▸ **ENTRIES PROVIDED**

"""

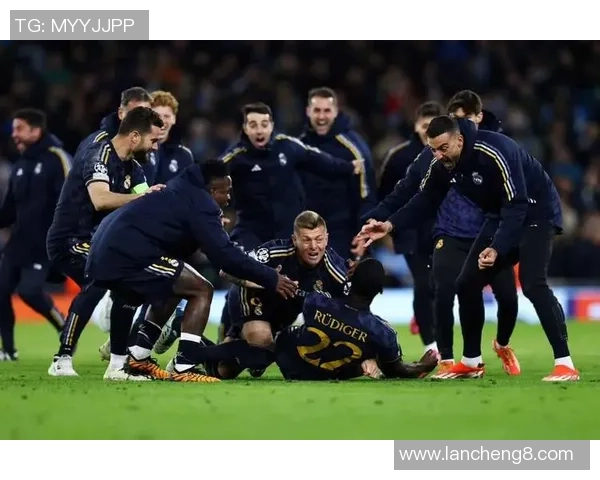 英超激战：里昂大胜皇马神奇扑救点燃全场热情与转会风波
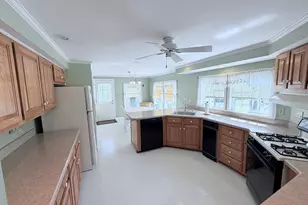 31 Trailwood Dr, Bridgewater, MA 02324 - Photo 6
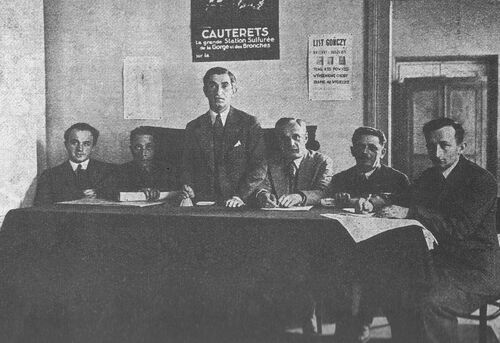 Emanuel Ringelblum (pierwszy z lewej) z członkami Prezydium IV Zjazdu Delegatów Oddziałów Żydowskiego Towarzystwa Krajoznawczego w Polsce, 1933 r. Fot. Wikimedia Commons (domena publiczna)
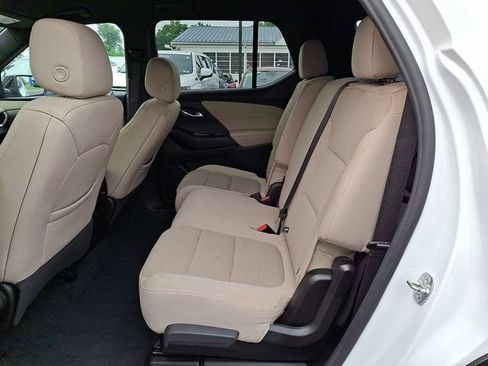 Certified 2023 Chevrolet Traverse LS FWD image 10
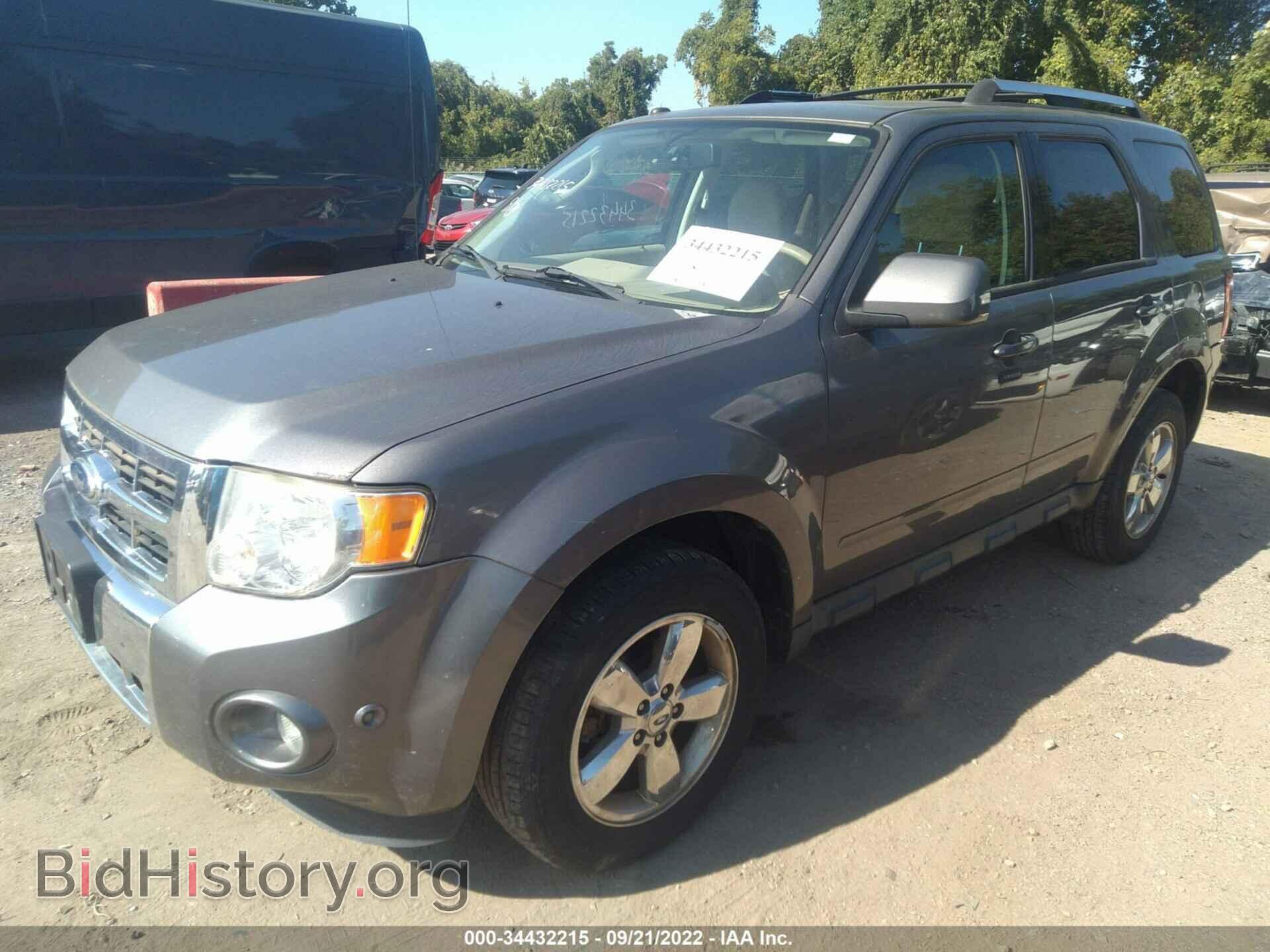 2011 FORD ESCAPE - VIN: 1FMCU0E71BKA71802 - Photo 2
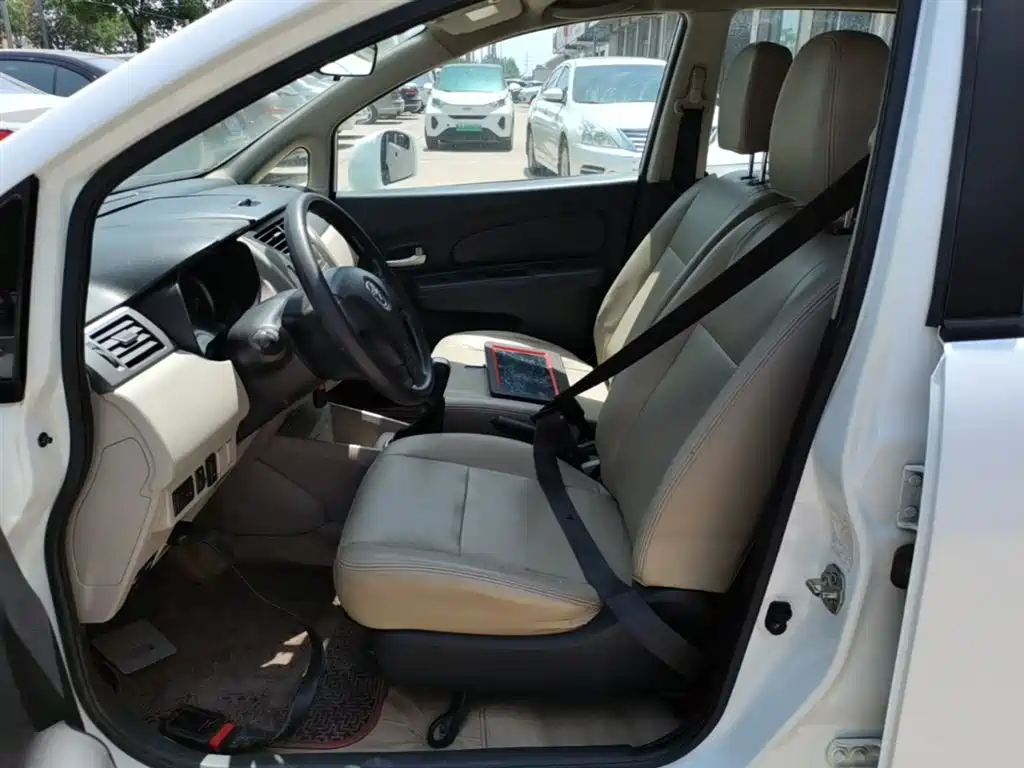 Venucia R50 2016 2015 1.6L Manual Fashion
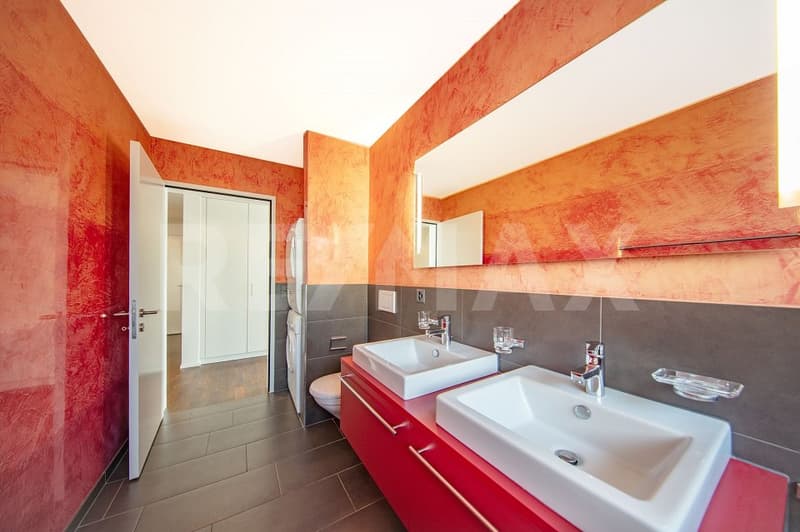 Elegante, helle 3.5-Zi.-Wohnung mit grosser Terrasse und Bergpanoramasicht, 6353 Weggis LU (6)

"""

▸ **AIM OF THE EXERCISE**
Copy exactly what appears from the line holding "Certified 2023 Chevrolet" to the end of the material, keeping both end lines. Pictures are not part of the copy.

▸ **SOLUTION**
 Certified 2023 Chevrolet Traverse LS FWD image 10
 2011 FORD ESCAPE - VIN: 1FMCU0E71BKA71802 - Photo 2
 Venucia R50 2016 2015 1.6L Manual Fashion
 Elegante, helle 3.5-Zi.-Wohnung mit grosser Terrasse und Bergpanoramasicht, 6353 Weggis LU (6)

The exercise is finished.